One of the things I struggled with a lot as a child was the lack of loyalty and honesty of some people. Every time a friend or family member didn’t show loyalty or honesty nearly broke me because I never understood why people broke promises.

Now as an adult, I know that sometimes it’s difficult to be honest because you don’t wish to hurt someone’s feelings. Life gets in the way of promises. Loyalty, at times, the person can find themselves stuck between two people or two choices where they have to let one person or thing down. However, this is where honesty comes into place—even if it hurts. Having honesty and loyalty in any relationship is important. When those are broken, betrayal and distrust take their seats.

You can’t expect the relationship to be the same after it cracks. I do believe in mending and forgiving, but it takes time. It won’t be better from one day to another. Lying, omitting information, or hiding things is usually not a good idea because it’s hurtful—or it damages a person’s pride, such as “how stupid do you think I am?” When you’re writing fiction or anything for that matter, the storyline gets intriguing during deceit and betrayal. Who’s fault is it? Why? When? How? Do we even have a solid answer?

I believe I’ve written about this before. When I was a child, my father told me, “Ana, always side with what’s right, even against your mother or me or your sister.” At a very young age, I was a little fighter telling people, “smoking is bad, Aunt,” “You’re wasting water. You’re going to end our planet,” and “You shouldn’t lie.”

In one occasion, I was eating cereal at the table while my dad chatted away with his friend. In our culture, it’s considered ill-mannered to lift the bowl off the table. I lifted the bowl of cereal to drink the very last drop of milk, and my dad said, “honey, no, don’t do that.” I replied, “but you do it all the time.” He chuckled nervously, “no, I don’t. Don’t do that.”

Eventually, I realized that you can’t be that blunt because, well, people won’t like you. But children take things literally. And children don’t have that discernment like adults as to when to say an opinion aloud or keep it to yourself. For example, when you’re not too close to a person, and they have a little green friend up their nose, should you say something and embarrass them or let them walk around with it all day long?—or at least until they realize it The dilemma!

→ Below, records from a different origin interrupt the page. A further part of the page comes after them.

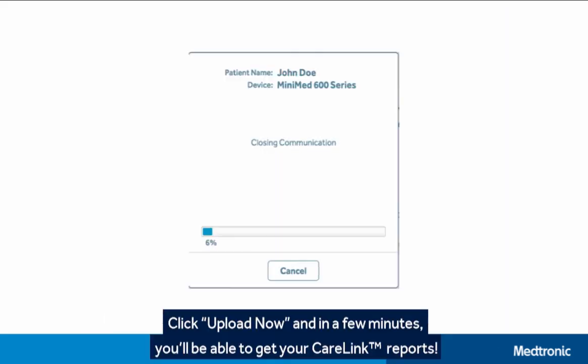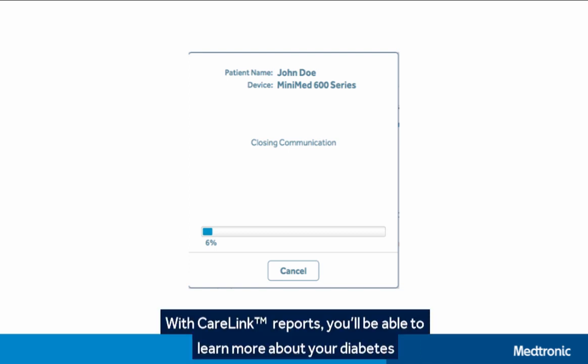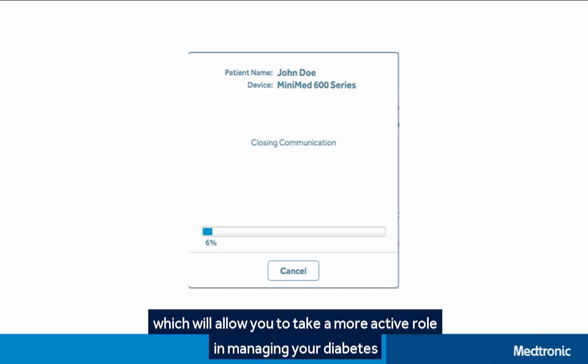After selecting the device that you want to upload, check to make sure your device is ready and click Upload Now to continue. In a few minutes, you'll be able to get your CareLink Reports and learn more about your diabetes, which will allow you to take a more active role in managing your diabetes.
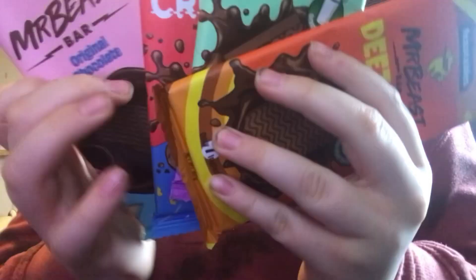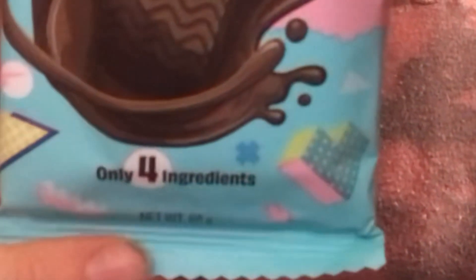Today we're testing if these four Mr. Beast bars are actually good or not, so we're going to be rating them out of ten. Starting with the original chocolate — it's kind of plain, can't lie, but it's decent. I'd rate the original chocolate seven out of ten. It's only four ingredients.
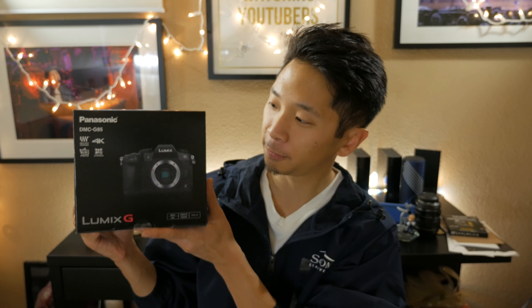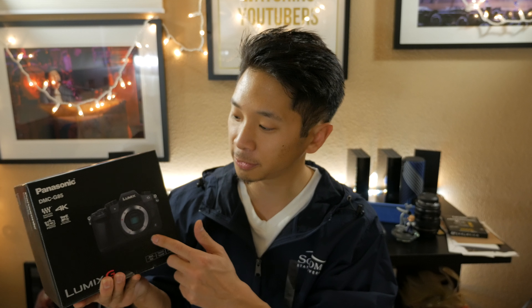Today I will be unboxing the new Panasonic Lumix G85, which is the successor to the Panasonic G7. The design and features are very similar to the G7, but the main reason I bought this camera and upgraded is because it has in-body image stabilization. That's going to be really handy when using a lens without built-in IS — when I pan or hand-hold the camera, I should get smooth, stabilized footage that almost looks like it was shot on a tripod.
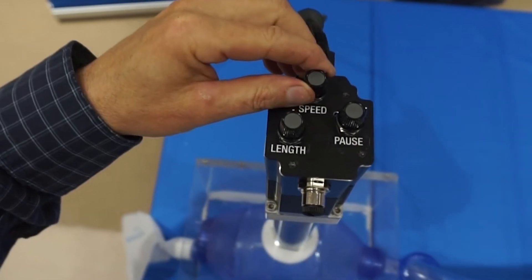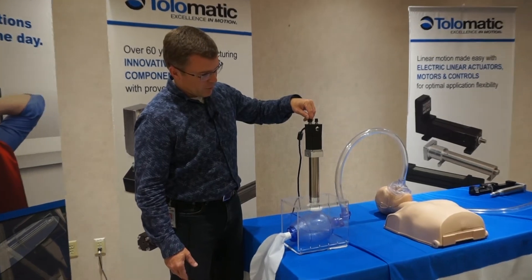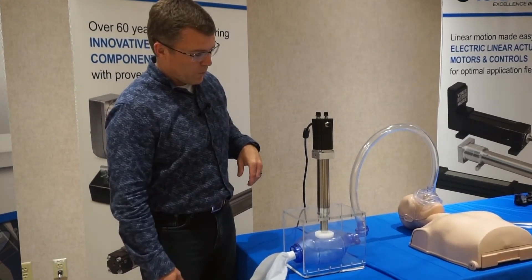I can adjust the speed with which it's moving up and down. So now it'll go a little faster — we're moving quicker so you get more cycles per minute.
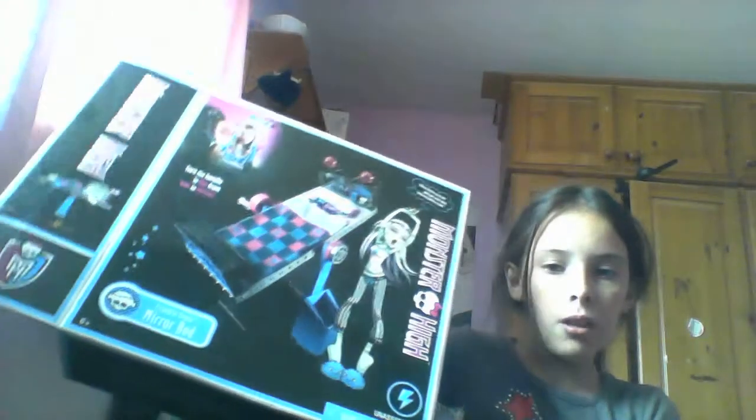So I'm just going to sort it out and I'll make another video when I've done it so I can show you. Thank you guys for watching my Monster High unboxing — Frankie Stein's Mirror Bed. I hope to see you again on my channel. Bye YouTubers!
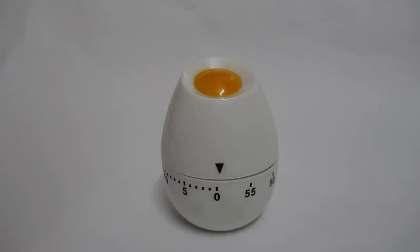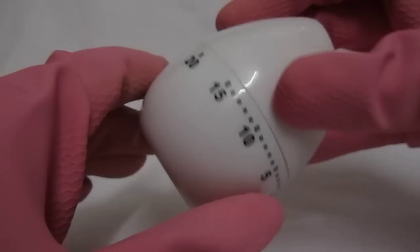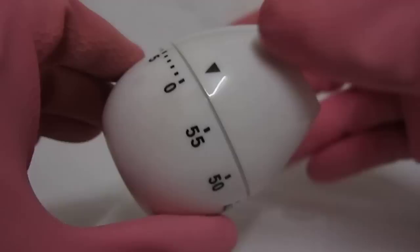Hi, I'm introducing an X-shaped cute mechanical timer which is handy, small and easy to use. Let's learn how to use it.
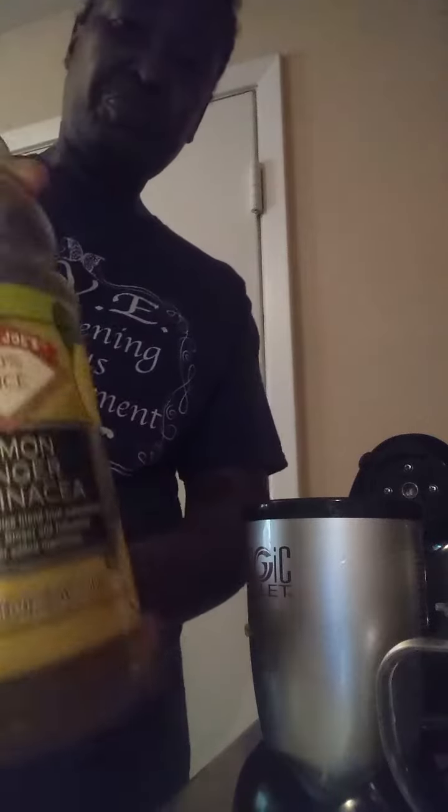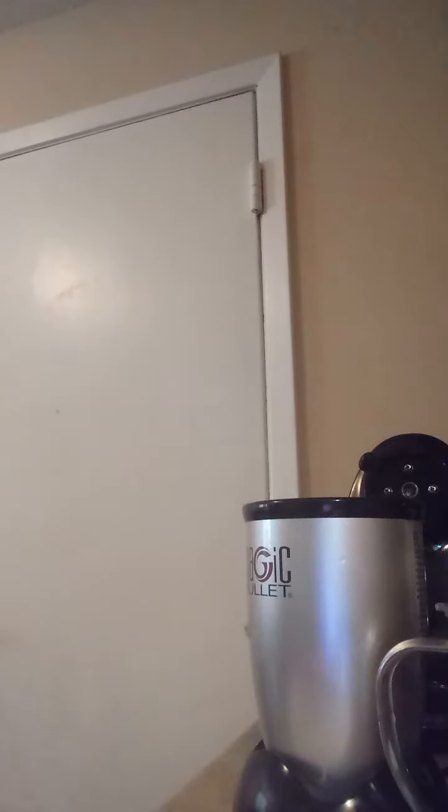Next I'm going to put a little something different — this is Junior lemon ginger. I'm going to put that in my smoothie to give it that unique taste. Make sure you subscribe, click like and share. Put it in here and shake it up.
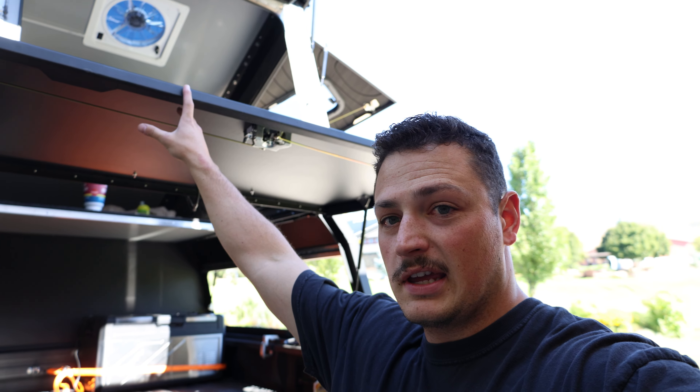Stay tuned for the next video when I do a way better in-depth overview of how this is actually going to be set up — a full tour of the whole thing and how I've set everything up. We'll have that coming soon once I figure out what I'm going to do with it. If you have any interest in a cool truck camper like this, go check out the guys at Antishanty.com — they make some sick stuff. Thanks so much for watching, guys. Catch you next time.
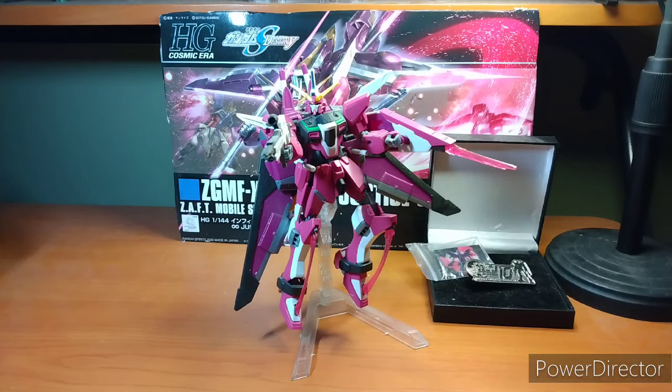Hey everybody, it's your boy Zero here for another Gunpla review. In today's episode we're covering the Infinite Justice from Gundam SEED Destiny.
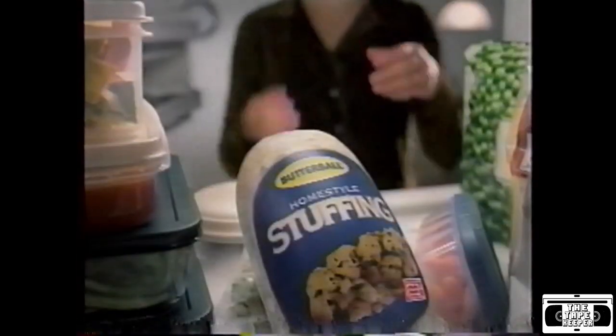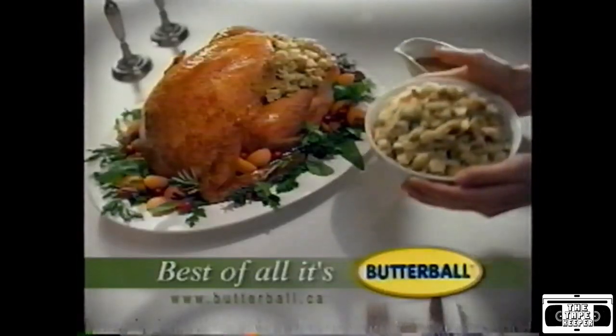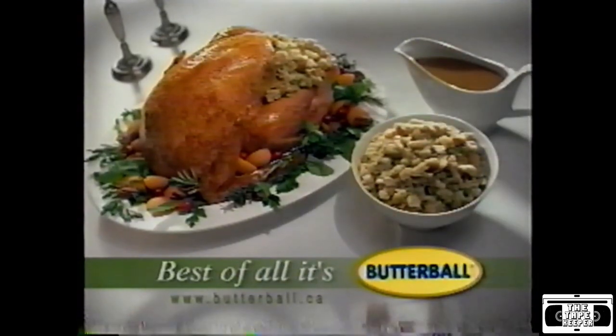And for extra stuffing, try new frozen Butterball homestyle stuffing. Best of all, it's Butterball.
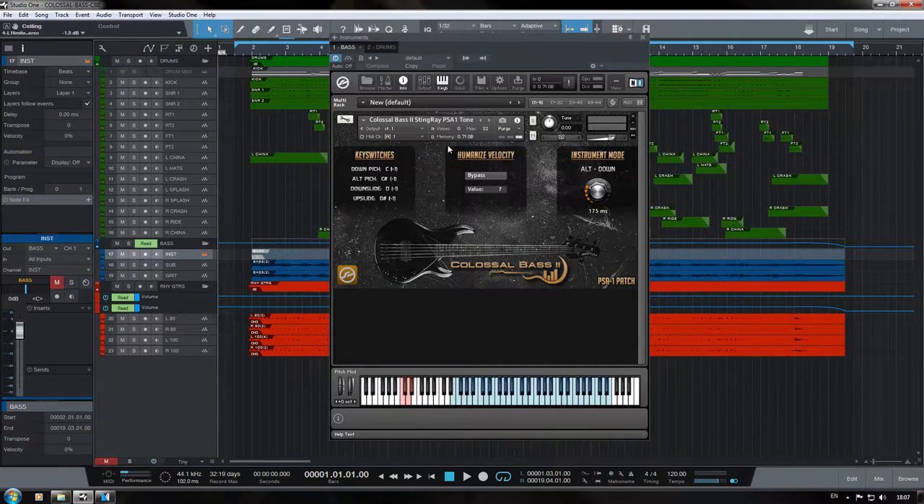Here we have the humanized velocity setting, which allows us to manipulate the algorithm. Basically, the algorithm will take an incoming MIDI note and then randomly plus or minus it by whatever value you set here — so 10, 7, or 12 as random values. For example, if we have it on 10 and all our MIDI notes at 115, we're going to randomly have samples at either 105 or 125. Pretty simple and straightforward, but a really neat feature.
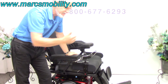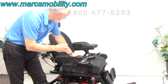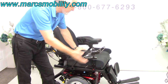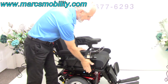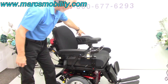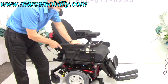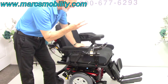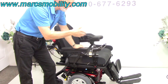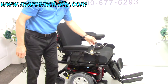To recap: this is the Quantum Q6 Edge 2.0 HD with electric tilt, electric recline, electric legs, swing-away joystick, lateral pad, flip-up arms, reinforced arm bars, custom arm pad, safety belt, a very nice cushion, and solid tires with heavy-duty motors. This chair has approximately one mile on it and is in new condition, ready to go.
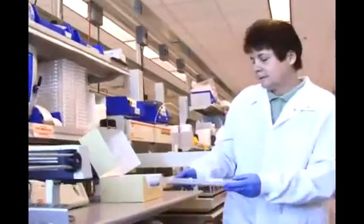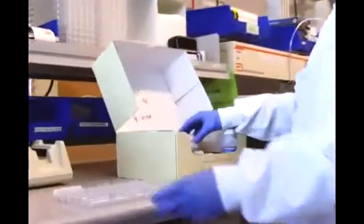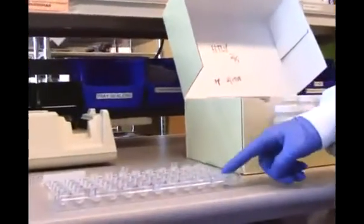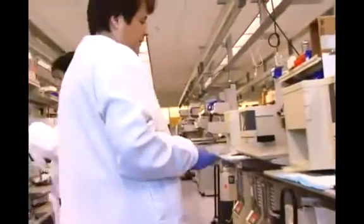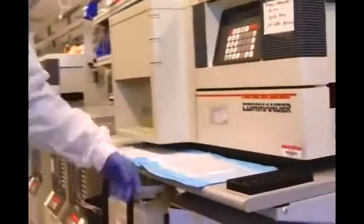Once it's all been pipetted, the beads I talked about are going to be added into each one of the wells. Then this tray is going to be incubated in an incubator.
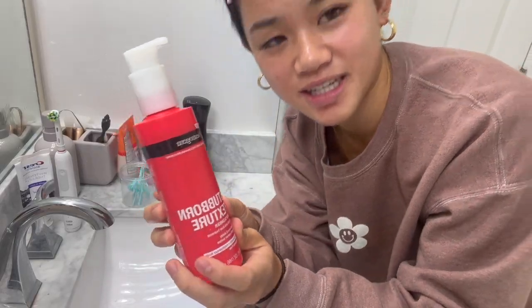As you can see my skin is breaking out a little and it looks super oily, but I'm trying my best. First I'm going to start by putting my hair back and then clip it so I can get my forehead, and then I'm going to cleanse my face using the Neutrogena Stubborn Texture cleanser.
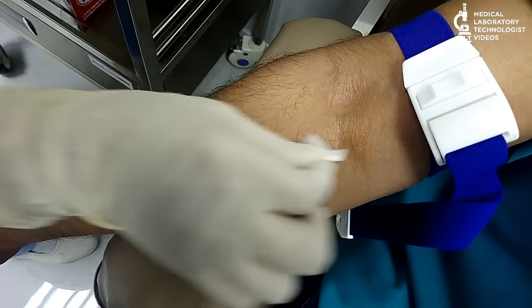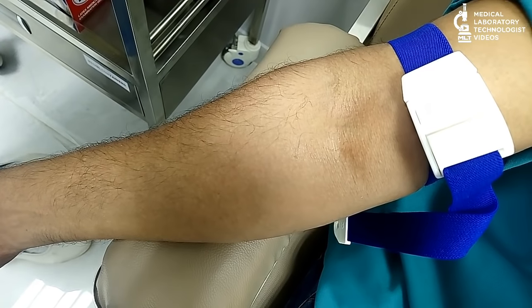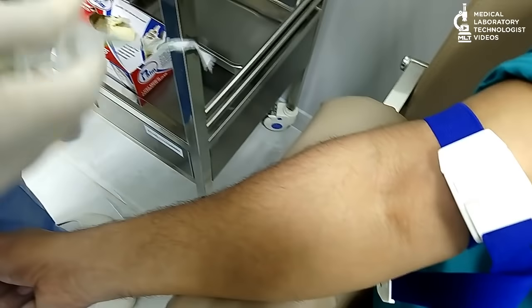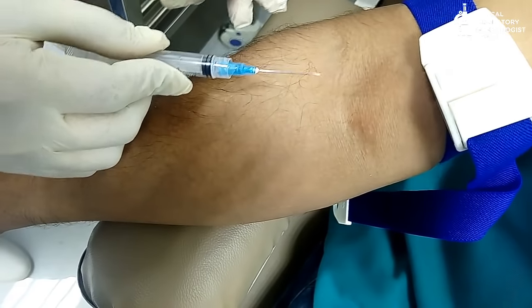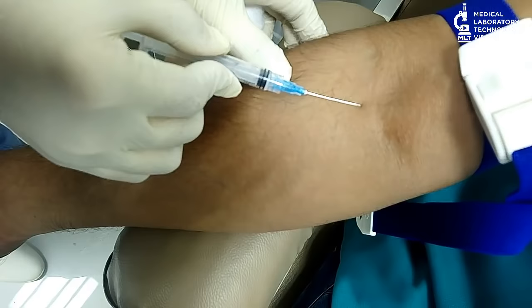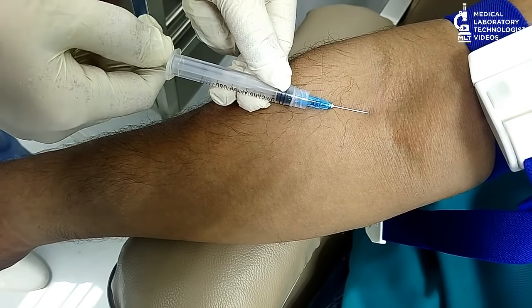Once you clean the area, do not touch it, because after that it will become unsterile. Then, open the syringe and insert the needle into the vein.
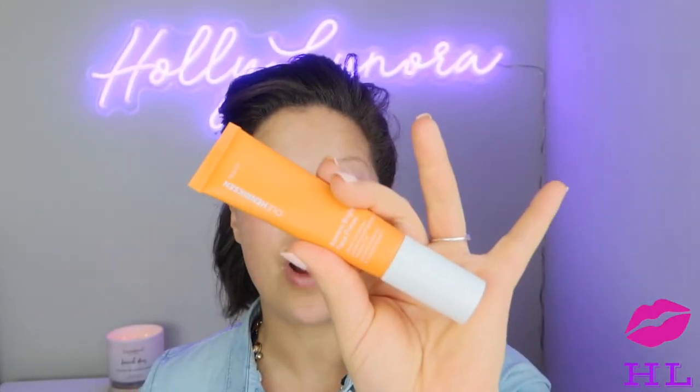For primer I'm going in with the Ole Henriksen Banana Bright Face Primer. I enjoy this primer because it has a soft scent, smells really good, and it has vitamin C in it. One thing I've noticed is I can put it on, go to work, and not worry about my makeup — which is what we're all looking for. You don't want to be at work wondering if your foundation separated or searching for a mirror every 15 minutes.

The answer to why adults can’t always embrace honesty and loyalty cannot simply be “nobody is perfect.” While yes, on the one hand, that is true. On the other hand, deliberate betrayal (especially if it’s ongoing) and sneaky acts are no longer just mistakes. It’s a choice.

As I write my characters, I realized that in some, it’s part of their nature to be deceitful, disloyal, and dishonest. They’re unscrupulous and don’t care. In others, it’s a regrettable mistake—on their way fixing the act or accepting that it’s no longer fixable.

What words do you keep in mind as you write your characters?


©Ana P. Rose & Anaprose 2017.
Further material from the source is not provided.